Derzeit emittiert die Uni rund 18.500 Tonnen CO2-Äquivalente. Zwei Drittel davon entfallen auf Elektrizität und Wärme, über ein Viertel auf die Mobilität. Hier will man künftig etwa bei Dienstreisen für eine bessere Klimabilanz sorgen: "Ein Flug ins benachbarte Ausland verursacht dabei beispielsweise etwa zehnmal so viel CO2 wie eine Zugfahrt derselben Streckenlänge."

Auch auf Regierungsebene

Bei Betrieben wollen die Forscher nicht haltmachen. Das System ließe sich auch größer ausrollen – etwa für den Staat Österreich oder einzelne Bundesländer. Der Zeitpunkt ist gut: Wie aus dem Entwurf für das neue Klimaschutzgesetz hervorgeht, soll künftig viel früher gegengesteuert werden, wenn zu viel emittiert wird.

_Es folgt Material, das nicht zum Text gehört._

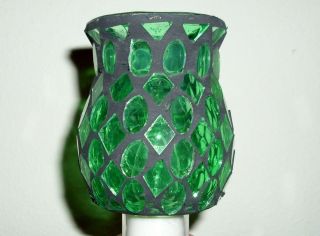 Bright Green Night Light * Green Glass Mosaic * Wall Plug * NEW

Zeigt bereits eine Prognose, dass der Ausstoß zu hoch ist, soll die Regierung Gegenmaßnahmen setzen. Bisher war das schwierig: Bis die finale Klimabilanz veröffentlicht wird, dauert es in der Regel eineinhalb Jahre; Prognosen bezogen sich auf Daten aus der Vergangenheit. Hierfür sei das Klima-Management "das perfekte Werkzeug", meint Kirchengast, der das System in den kommenden Wochen an die Regierung herantragen will.

Aber nicht nur für die Politik könne es als evidenzbasierte Entscheidungshilfe herhalten. Klimazielpfade ließen sich auch für Individuen berechnen. Hier kann sich der Forscher zum Beispiel eine "MyPath2Paris"-App vorstellen, durch die auch der persönliche Klimaerfolg möglich wird. Vonseiten der Universität sei eine solche App-Umsetzung nicht geplant, man wolle das System jedoch über eine offene Plattform breit für Interessenten anbieten. (Nora Laufer, 29.4.2021)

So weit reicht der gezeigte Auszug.